Бодро, чуть ли не с задором горит все хорошее, что я испытываю к людям, снова хочется орать, прижав ладони к ушам, собственно, все это очень напоминает картину Мунка: кровавые отсветы, неподвижные размытые фигуры, которые издалека наблюдают, как на переднем плане рздирает рот неровной буквой "о" какой-то психопат, и вот, в общем, я одновременно и этот психопат, и спокойные статичные фигуры позади него.
Очень многое — почти все — кажется неестественным и наигранным, везде подозреваю какой-то заговор, тут и там, по мелочи, как будто люди все делают театрально, с каким-то хромающим умыслом, стремятся произвести впечатление, судорожно мечутся в поисках красивости, это ужасает и выматывает страшно. От этого я очень быстро сама становлюсь неискренней, почти машинально, то ли от страха, то ли от накатывающего ступора, переигрываю, тут же это замечаю и пугаюсь того, что переигрываю, а вдруг кто-то еще это заметил. Быть с людьми как бремя, о, зачем же надо с ними жить... и в том же духе, малодушно, конечно, очень.

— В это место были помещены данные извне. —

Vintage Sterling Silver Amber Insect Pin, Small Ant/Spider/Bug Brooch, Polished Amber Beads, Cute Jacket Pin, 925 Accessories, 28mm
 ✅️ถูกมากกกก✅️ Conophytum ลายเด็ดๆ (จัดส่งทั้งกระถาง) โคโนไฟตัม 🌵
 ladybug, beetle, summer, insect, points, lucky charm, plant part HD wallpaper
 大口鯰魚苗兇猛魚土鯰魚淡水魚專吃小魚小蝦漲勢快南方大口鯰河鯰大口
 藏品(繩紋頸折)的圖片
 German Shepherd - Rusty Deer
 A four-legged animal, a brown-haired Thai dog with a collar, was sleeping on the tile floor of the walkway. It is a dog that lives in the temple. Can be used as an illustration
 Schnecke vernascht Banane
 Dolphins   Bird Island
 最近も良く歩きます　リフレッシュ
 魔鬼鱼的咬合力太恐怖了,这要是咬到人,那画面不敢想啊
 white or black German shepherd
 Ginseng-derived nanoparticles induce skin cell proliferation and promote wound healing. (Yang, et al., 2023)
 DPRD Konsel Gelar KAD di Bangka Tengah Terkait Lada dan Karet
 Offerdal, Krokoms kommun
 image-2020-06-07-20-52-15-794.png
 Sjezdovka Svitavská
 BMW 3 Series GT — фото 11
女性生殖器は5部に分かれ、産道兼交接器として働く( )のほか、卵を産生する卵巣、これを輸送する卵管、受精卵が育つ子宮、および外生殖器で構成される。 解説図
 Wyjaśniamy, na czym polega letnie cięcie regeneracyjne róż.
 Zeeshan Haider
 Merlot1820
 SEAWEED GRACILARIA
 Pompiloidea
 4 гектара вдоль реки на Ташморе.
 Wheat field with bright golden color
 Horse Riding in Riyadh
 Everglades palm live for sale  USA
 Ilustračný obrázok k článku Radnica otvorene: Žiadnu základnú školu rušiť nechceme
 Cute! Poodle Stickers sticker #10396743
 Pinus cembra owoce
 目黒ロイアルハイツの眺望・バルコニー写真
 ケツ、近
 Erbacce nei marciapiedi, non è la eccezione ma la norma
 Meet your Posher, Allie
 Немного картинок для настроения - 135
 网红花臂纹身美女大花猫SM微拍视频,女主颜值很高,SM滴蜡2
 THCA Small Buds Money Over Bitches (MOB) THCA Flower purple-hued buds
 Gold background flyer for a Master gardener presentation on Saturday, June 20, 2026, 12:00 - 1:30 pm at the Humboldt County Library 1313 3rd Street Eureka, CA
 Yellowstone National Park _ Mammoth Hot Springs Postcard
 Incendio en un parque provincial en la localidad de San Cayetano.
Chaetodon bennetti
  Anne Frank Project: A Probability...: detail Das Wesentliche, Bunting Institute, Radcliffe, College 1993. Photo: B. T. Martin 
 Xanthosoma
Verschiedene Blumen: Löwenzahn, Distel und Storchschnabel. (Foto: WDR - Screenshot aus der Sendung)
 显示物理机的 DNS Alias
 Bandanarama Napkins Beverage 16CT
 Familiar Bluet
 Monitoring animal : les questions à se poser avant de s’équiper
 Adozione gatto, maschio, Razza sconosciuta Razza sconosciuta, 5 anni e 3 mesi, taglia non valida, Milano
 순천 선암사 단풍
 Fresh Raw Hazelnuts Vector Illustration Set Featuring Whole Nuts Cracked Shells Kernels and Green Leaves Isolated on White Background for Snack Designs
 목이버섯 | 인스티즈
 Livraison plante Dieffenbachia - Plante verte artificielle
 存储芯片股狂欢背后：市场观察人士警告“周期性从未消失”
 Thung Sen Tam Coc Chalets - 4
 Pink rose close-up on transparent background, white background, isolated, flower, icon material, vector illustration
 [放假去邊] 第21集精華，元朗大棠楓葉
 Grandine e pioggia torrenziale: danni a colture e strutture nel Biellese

Наверное, мне нужно отдохнуть.
Звучит безнадежно, потому что тот отдых, который меня так манит, никакой гармонии не принесет, только глубже увязну в неумении взаимодействовать с людьми без потерь со своей стороны. Да и сколько можно отдыхать, я и так все чаще отказываюсь от приглашений куда-то пойти, кого-то увидеть. Как насмешка звучат путаные, стеснительные фразы о природном обаянии, и на них камнем сверху падает твердое и окончательное «твое лицо просто не способно вызвать жалость, попробуй, убеди меня в том, что ты несчастна, у тебя сейчас такое лицо, будто ты решаешь, задушить меня или еще помучать, ты просто не можешь, и никогда не сможешь вызывать жалость», радоваться надо, а мне страшно, как же мне страшно, господи.